Acaba diyorum, görünmez dikte ettiriciler nefes nefes yanımızda gezinip, bize ‘Siz kendi değerinizi hiç bilmeyin, kendinizi hiç keşfetme yolculuğuna çıkmayın, hiç gerçekleri görmeyin, hiç analiz yapmayın ki, böylece esas değerlerinizin farkında olmadan güzel bir uyku halinde yaşamınız aksın gitsin’ diye tekrar edip duruyorlar mı?
Beynimizin hemen yanı başında bu cümleleri gizliden sinsiden içimize, hücremize işliyorlar sanki! Sanki tarihin eskimiş anlarından bu yana bu toplumun üzerinde böyle kendi görünmez, etkisi net bir oyun mu oynanıyor da biz cahil periler bu durumun farkına bir türlü varamadık! Yazıldı ve de çizildi çoğu kereler. Anlatanlar oldu kimi zamanlar, hatta bağıranlar! Kimileri kavradı, kimileri güzel aldatmacalı uykusuna devam etti.
* * *
Hani bir masal vardır ya hepimizin bildiği, ‘Uyuyan Güzel’ masalı. Ben bu devamlı uyuyan kıza karşı tavırlıyım küçüklüğümden beri. Neden mi takıldım durup dururken bu uyku olayına, bu gizli dikte bulutlarına! İşte durum malum, Avrupa korumalı birliği hikayeleri yüzünden tüm bu içimden geçip dışıma kelime olanlar! İki hafta kadar önce BBC televizyonundan bir grup geldi İstanbul’a. Atölyemde buluştuk. Konu AB! Sorular hızlı ve net.

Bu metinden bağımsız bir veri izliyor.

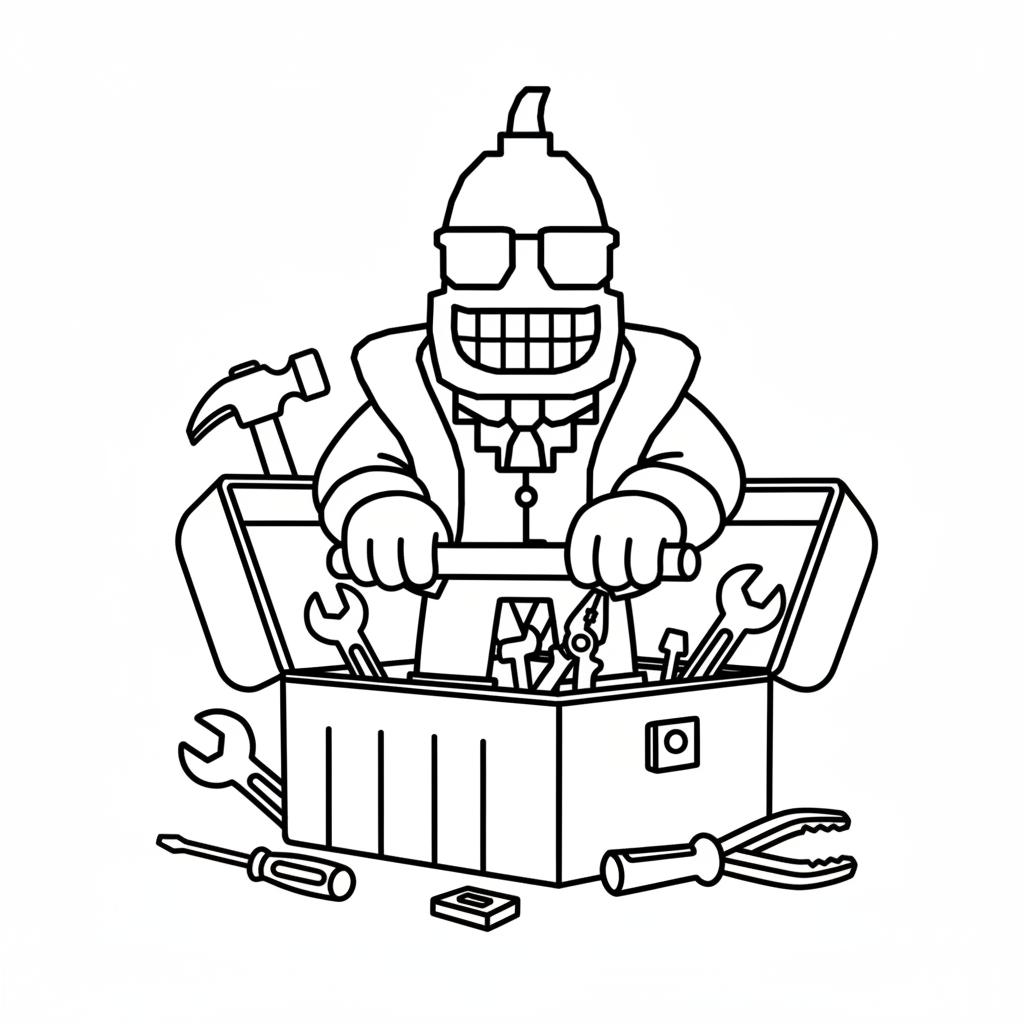 páginas para colorear imprimibles Bananito Bandito para adultos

‘Siz burada farklı bir yaşam sürerken, Doğu’da bazı yerlerde durum hiç de böyle değil!’
* * *
Bana sormaya devam ediyorlar, ‘Siz ülkenizi yeterince tanıyor musunuz acaba? Yanınızda birçok erkek çalışıyor’ diyor ve bunu çok şaşırtıcı buluyor. AB topluluğu ve din ayırımı ile ilgili sorular geliyor ardından, yaklaşık iki saatlik röportajının ardından son soru geliyor, ‘AB’ye girmezseniz ne olacak?’
Cevabım soru kadar net: ‘Ben yolumda yürümeye devam edeceğim. Daha kaliteli ve çağdaş nasıl olurumun cevabını bulacağım. Hedef hep aynı idi, yine aynı kalacak!’
Din ayrımına inanmadığımı ve daha evrensel düşündüğümü de anlatıp, onlara karşı kıyıya geçip Kuzguncuk’a gitmelerini öneriyorum. Orada cami, sinagog ve kilisenin yan yana sırtlarını aynı duvara yaslamış halde Türkiyeli insanlara hizmet verdiğini anlatıyorum. Ülkemin farkında olduğumu ekliyor, onlara birkaç adres veriyorum. Biri Rize’den, ikisi Gaziantep’ten, kurdukları işlerin başında canavar gibi çalışan Türk kadınlarından örnekler ile tanışmalarını öneriyorum.
* * *
Ertesi sabah evime geliyorlar, amaç dün kendilerini şaşırtan bu Türk kadının ev haline şahit olmak. Kızım ve Cem ile tanışıyorlar. Demli bir Türk çayı içip sevgi ile uğurluyoruz BBC’li dostları.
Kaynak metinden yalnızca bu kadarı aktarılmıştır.